**WHAT THE TASK ASKS:** Type out the data exactly as given. Skip any image.

═════ COLLECTED MATERIAL ═════

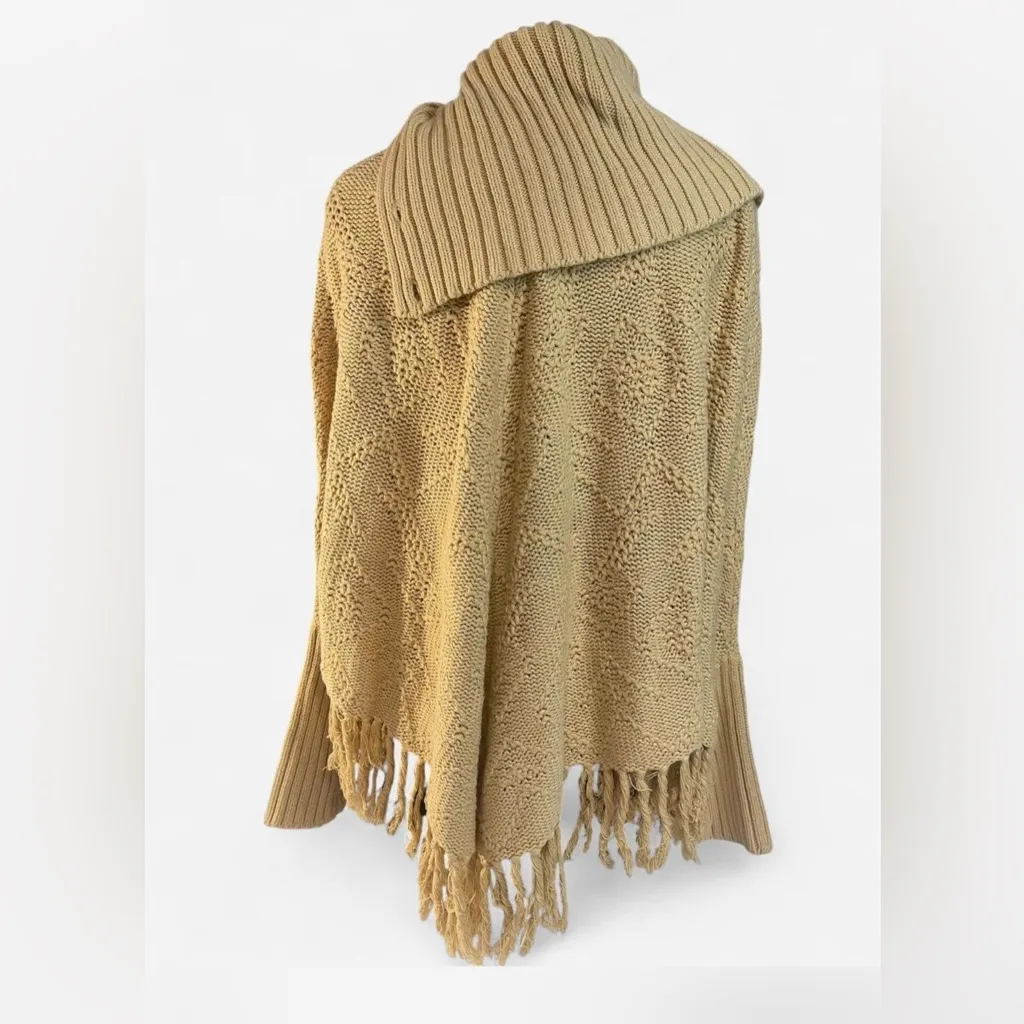 Storybook knits tan knit poncho shrug fringe hem boho hippie festival Large - Image 3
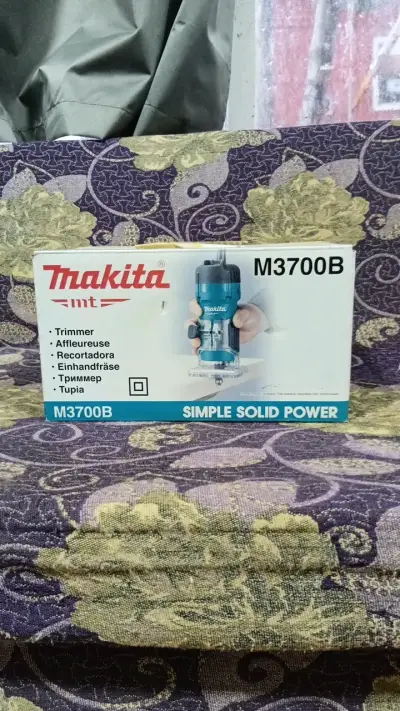 Recortadora Makita M3700B - miniatura 1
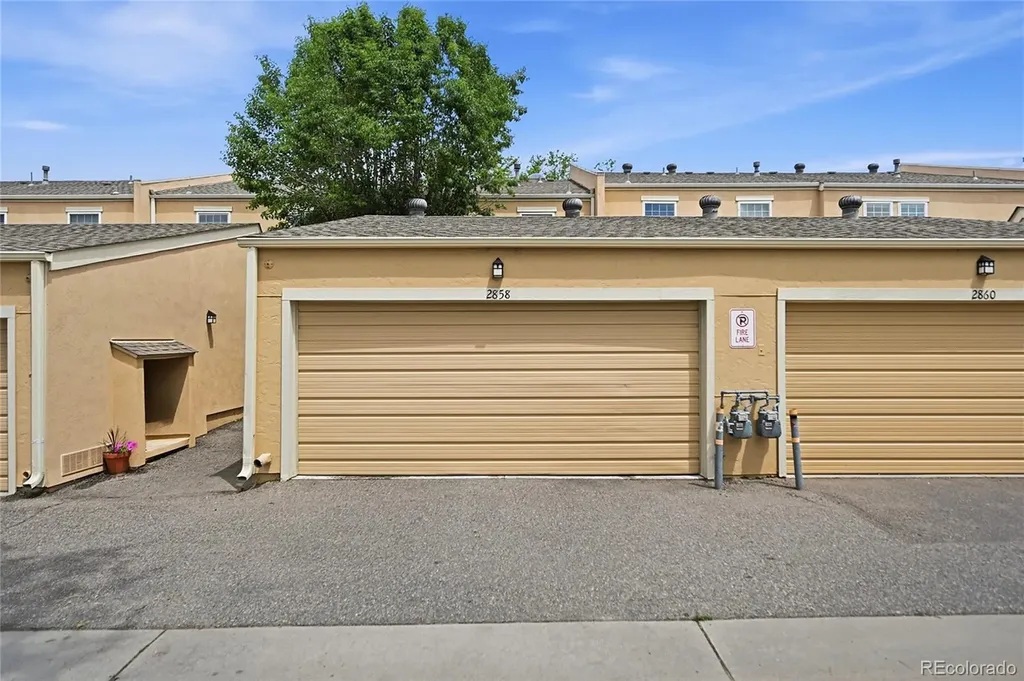 2858 S Vaughn Way Aurora CO 80014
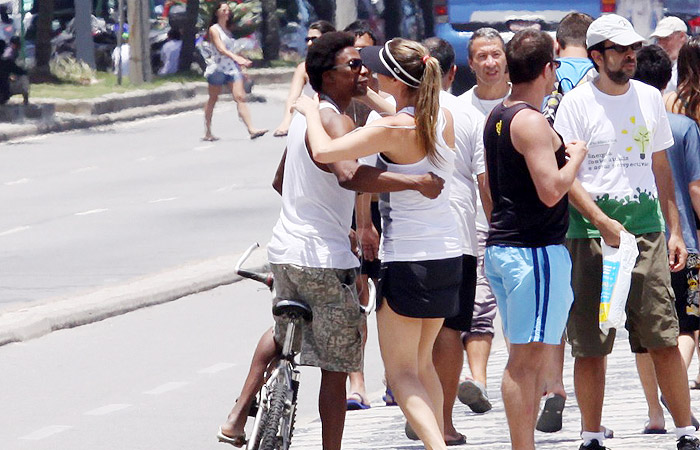 Luana Piovani ganha abraço de amigo na rua, no Rio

═════

**WRITTEN SOLUTION:**
 Storybook knits tan knit poncho shrug fringe hem boho hippie festival Large - Image 3
 Recortadora Makita M3700B - miniatura 1
 2858 S Vaughn Way Aurora CO 80014
 Luana Piovani ganha abraço de amigo na rua, no Rio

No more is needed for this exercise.